_DIRECTIONS FOR THIS TASK_
The expected answer is the set of lines in the data below between the line holding "Küchentüren von Charlotte" and the line holding "Preciosa Mujer Afroamericana", inclusive, written out exactly.

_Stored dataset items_
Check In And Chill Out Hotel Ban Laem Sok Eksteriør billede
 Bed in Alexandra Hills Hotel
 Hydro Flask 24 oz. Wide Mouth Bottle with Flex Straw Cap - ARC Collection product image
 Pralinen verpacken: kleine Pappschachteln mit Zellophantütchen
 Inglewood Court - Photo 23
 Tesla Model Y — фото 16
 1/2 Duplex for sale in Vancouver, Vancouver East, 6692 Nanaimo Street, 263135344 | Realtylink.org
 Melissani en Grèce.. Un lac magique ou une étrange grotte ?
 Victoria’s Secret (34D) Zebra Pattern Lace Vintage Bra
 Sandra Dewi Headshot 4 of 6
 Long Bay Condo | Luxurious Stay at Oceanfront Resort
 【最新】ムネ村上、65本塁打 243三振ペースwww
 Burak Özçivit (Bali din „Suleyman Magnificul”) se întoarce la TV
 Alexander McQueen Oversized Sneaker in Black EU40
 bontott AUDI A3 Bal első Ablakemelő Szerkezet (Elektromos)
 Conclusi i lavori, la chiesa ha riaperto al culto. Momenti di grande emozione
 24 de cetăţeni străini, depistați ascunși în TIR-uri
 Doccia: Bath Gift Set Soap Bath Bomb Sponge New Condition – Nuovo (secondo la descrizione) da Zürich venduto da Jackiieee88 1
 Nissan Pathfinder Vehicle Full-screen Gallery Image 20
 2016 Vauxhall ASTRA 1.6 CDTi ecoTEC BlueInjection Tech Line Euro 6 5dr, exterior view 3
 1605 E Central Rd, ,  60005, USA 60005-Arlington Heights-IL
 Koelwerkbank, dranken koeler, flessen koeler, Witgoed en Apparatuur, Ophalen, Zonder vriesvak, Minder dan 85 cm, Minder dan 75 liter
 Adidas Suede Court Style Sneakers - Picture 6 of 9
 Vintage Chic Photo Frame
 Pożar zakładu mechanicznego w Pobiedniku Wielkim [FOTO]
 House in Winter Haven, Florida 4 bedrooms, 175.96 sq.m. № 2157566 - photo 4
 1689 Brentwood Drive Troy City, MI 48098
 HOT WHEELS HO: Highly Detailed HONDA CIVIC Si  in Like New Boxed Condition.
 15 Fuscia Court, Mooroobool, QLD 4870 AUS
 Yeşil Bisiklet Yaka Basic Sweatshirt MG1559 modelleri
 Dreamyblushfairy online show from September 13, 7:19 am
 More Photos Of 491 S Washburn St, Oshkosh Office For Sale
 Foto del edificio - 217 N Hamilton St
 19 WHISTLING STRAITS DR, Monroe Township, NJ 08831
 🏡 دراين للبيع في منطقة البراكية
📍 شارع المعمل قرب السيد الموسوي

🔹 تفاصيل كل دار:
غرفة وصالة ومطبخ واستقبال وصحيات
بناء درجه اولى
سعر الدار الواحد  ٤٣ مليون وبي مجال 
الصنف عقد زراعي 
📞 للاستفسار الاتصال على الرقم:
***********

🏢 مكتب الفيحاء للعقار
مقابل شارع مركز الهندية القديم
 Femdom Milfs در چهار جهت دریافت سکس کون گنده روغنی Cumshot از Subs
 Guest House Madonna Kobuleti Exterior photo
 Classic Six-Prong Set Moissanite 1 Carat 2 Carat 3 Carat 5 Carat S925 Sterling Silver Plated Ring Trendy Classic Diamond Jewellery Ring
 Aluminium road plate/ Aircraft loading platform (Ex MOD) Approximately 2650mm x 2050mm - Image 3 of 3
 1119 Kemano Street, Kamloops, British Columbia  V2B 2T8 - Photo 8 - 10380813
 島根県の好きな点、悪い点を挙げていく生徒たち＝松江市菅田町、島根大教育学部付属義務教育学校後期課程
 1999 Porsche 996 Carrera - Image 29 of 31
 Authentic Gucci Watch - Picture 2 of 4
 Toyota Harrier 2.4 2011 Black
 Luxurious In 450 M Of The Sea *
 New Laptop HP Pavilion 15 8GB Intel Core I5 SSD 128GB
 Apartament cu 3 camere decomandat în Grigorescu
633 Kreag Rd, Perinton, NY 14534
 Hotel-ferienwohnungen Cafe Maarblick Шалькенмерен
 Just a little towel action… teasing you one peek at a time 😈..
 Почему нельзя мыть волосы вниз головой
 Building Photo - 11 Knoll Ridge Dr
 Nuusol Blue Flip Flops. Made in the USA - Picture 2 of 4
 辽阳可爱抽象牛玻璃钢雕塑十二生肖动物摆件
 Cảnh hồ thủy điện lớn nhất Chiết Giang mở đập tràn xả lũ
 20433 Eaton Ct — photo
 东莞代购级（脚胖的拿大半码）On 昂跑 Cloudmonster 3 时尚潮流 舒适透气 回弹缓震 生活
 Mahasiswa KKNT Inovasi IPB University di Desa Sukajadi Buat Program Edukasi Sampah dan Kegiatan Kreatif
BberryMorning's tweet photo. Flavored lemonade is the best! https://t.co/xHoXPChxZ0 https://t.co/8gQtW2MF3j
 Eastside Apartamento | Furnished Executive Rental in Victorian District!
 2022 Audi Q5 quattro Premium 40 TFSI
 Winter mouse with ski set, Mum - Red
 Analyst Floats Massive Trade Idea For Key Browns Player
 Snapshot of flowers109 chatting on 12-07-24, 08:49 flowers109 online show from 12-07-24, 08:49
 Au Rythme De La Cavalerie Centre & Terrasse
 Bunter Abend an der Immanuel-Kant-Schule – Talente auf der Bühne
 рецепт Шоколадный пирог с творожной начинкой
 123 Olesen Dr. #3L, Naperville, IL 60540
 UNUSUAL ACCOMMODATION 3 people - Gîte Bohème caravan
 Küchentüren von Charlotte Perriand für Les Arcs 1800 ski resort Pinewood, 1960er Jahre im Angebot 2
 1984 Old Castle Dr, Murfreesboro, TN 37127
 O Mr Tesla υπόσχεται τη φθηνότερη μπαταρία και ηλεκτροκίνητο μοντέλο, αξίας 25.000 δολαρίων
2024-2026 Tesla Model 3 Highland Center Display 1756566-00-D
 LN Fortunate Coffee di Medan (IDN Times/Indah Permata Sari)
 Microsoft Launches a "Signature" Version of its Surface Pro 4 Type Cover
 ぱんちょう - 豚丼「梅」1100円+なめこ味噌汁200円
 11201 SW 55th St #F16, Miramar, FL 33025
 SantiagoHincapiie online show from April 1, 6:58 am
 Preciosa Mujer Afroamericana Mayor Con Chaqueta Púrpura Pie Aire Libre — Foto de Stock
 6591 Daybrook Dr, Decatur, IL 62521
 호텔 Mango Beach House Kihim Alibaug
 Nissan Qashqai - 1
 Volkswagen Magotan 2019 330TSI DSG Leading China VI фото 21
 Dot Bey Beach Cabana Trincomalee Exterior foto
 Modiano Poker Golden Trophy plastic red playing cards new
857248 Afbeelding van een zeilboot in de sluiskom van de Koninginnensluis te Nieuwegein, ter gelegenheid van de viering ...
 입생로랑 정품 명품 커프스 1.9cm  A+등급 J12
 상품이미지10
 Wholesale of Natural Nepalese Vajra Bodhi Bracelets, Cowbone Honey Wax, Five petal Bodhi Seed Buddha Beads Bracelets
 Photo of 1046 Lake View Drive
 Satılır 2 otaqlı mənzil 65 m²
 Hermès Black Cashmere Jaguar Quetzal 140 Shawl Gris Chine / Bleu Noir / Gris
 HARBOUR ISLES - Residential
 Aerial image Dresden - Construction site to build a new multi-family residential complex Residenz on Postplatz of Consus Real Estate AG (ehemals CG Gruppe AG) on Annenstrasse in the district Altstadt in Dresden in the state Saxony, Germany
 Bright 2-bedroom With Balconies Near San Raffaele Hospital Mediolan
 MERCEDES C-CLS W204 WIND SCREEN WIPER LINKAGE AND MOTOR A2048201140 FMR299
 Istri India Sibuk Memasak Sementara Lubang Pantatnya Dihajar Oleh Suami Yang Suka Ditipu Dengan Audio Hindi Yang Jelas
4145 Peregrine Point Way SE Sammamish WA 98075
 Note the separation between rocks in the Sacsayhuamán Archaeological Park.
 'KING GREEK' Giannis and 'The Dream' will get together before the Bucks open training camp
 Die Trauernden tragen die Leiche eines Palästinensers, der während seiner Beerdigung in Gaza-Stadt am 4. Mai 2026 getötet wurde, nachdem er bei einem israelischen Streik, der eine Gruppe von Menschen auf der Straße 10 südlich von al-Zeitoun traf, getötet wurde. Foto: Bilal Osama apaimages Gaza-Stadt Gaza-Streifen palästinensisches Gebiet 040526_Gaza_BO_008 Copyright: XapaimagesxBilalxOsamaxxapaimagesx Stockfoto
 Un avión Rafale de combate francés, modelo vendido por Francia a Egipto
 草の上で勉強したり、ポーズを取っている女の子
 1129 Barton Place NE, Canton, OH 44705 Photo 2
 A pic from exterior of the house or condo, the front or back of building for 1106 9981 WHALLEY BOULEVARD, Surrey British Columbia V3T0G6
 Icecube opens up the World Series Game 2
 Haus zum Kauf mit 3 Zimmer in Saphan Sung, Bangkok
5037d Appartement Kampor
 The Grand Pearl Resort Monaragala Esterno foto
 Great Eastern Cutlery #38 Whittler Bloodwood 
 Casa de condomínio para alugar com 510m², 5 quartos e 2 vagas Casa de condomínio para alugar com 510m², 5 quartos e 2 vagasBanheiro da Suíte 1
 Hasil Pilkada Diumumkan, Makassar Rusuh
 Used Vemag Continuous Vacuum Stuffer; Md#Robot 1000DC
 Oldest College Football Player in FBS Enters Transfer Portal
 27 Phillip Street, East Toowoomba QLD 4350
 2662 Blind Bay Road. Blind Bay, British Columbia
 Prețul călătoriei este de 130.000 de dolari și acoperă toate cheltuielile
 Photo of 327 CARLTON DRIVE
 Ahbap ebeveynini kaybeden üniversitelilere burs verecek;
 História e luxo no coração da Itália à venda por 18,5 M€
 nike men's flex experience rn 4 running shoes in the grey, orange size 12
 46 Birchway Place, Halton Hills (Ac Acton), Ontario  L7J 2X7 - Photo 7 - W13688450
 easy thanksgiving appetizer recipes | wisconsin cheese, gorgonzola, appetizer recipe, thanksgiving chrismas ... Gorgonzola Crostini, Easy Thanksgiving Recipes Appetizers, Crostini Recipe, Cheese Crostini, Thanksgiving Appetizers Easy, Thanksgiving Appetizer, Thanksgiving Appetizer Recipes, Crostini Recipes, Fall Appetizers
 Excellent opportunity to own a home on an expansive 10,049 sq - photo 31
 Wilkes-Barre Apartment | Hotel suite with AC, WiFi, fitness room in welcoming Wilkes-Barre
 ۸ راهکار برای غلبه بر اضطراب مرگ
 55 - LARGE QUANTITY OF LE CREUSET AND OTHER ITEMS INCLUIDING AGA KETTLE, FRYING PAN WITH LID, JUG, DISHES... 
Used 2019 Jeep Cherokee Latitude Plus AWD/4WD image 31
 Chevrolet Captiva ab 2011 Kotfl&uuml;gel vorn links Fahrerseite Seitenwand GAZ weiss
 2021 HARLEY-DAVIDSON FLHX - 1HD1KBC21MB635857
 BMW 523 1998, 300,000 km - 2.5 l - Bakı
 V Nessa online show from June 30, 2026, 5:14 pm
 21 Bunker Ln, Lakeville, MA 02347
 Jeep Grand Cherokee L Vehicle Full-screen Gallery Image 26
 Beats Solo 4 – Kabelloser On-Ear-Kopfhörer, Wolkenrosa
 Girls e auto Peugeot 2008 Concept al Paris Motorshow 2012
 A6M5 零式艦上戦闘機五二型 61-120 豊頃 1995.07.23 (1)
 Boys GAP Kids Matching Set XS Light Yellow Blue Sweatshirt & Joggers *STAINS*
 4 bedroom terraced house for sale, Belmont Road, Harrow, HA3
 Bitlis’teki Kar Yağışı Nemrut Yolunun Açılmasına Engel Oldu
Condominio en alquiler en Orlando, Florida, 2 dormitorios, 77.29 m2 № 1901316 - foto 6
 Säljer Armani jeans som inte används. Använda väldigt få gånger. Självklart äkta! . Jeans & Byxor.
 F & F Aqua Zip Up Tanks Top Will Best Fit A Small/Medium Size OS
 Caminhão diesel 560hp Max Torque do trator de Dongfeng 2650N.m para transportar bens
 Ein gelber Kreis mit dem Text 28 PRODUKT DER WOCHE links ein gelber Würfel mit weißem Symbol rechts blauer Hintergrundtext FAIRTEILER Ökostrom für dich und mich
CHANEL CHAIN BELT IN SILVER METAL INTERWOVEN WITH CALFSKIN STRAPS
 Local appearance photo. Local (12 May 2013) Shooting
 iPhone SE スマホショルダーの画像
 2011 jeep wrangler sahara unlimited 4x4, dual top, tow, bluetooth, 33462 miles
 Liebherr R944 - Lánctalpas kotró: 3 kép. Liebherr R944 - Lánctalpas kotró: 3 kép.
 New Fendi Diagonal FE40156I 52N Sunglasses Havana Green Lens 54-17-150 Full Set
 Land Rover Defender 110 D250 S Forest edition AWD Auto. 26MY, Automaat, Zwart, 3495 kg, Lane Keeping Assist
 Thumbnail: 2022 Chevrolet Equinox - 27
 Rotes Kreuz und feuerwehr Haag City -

_EXERCISE ANSWER_
 Küchentüren von Charlotte Perriand für Les Arcs 1800 ski resort Pinewood, 1960er Jahre im Angebot 2
 1984 Old Castle Dr, Murfreesboro, TN 37127
 O Mr Tesla υπόσχεται τη φθηνότερη μπαταρία και ηλεκτροκίνητο μοντέλο, αξίας 25.000 δολαρίων
2024-2026 Tesla Model 3 Highland Center Display 1756566-00-D
 LN Fortunate Coffee di Medan (IDN Times/Indah Permata Sari)
 Microsoft Launches a "Signature" Version of its Surface Pro 4 Type Cover
 ぱんちょう - 豚丼「梅」1100円+なめこ味噌汁200円
 11201 SW 55th St #F16, Miramar, FL 33025
 SantiagoHincapiie online show from April 1, 6:58 am
 Preciosa Mujer Afroamericana Mayor Con Chaqueta Púrpura Pie Aire Libre — Foto de Stock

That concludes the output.